> [Given data]:
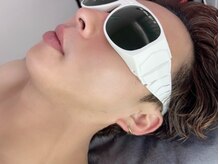 【人気★メンズひげ脱毛】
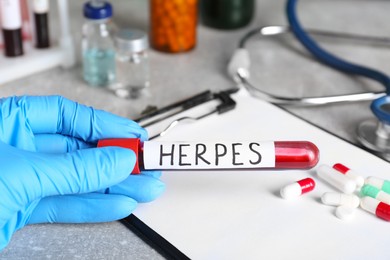 Photo of Doctor in glove holding test tube with word Herpes near different pills and clipboard on light grey table, closeup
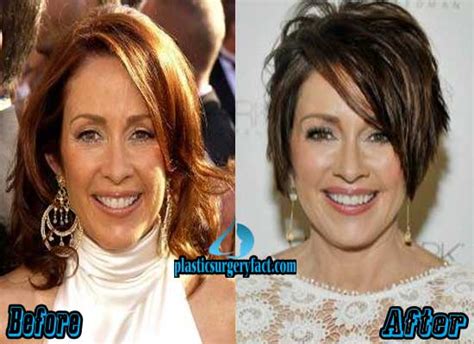 Patricia Heaton Plastic Surgery Before And After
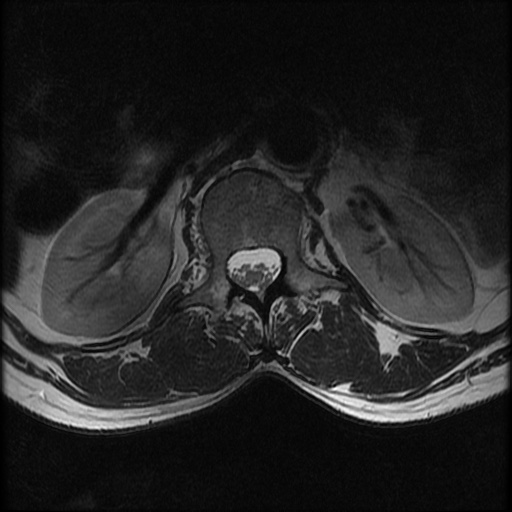 File:Burst fracture - lumbar spine (Radiopaedia 72877-83541 Axial T2 3).jpg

> [Exercise]:
Pictures stay out. Return exactly the lines from the one with "Photo of Doctor" through the last line of the data.

> [Output of the task]:
 Photo of Doctor in glove holding test tube with word Herpes near different pills and clipboard on light grey table, closeup
 Patricia Heaton Plastic Surgery Before And After
 File:Burst fracture - lumbar spine (Radiopaedia 72877-83541 Axial T2 3).jpg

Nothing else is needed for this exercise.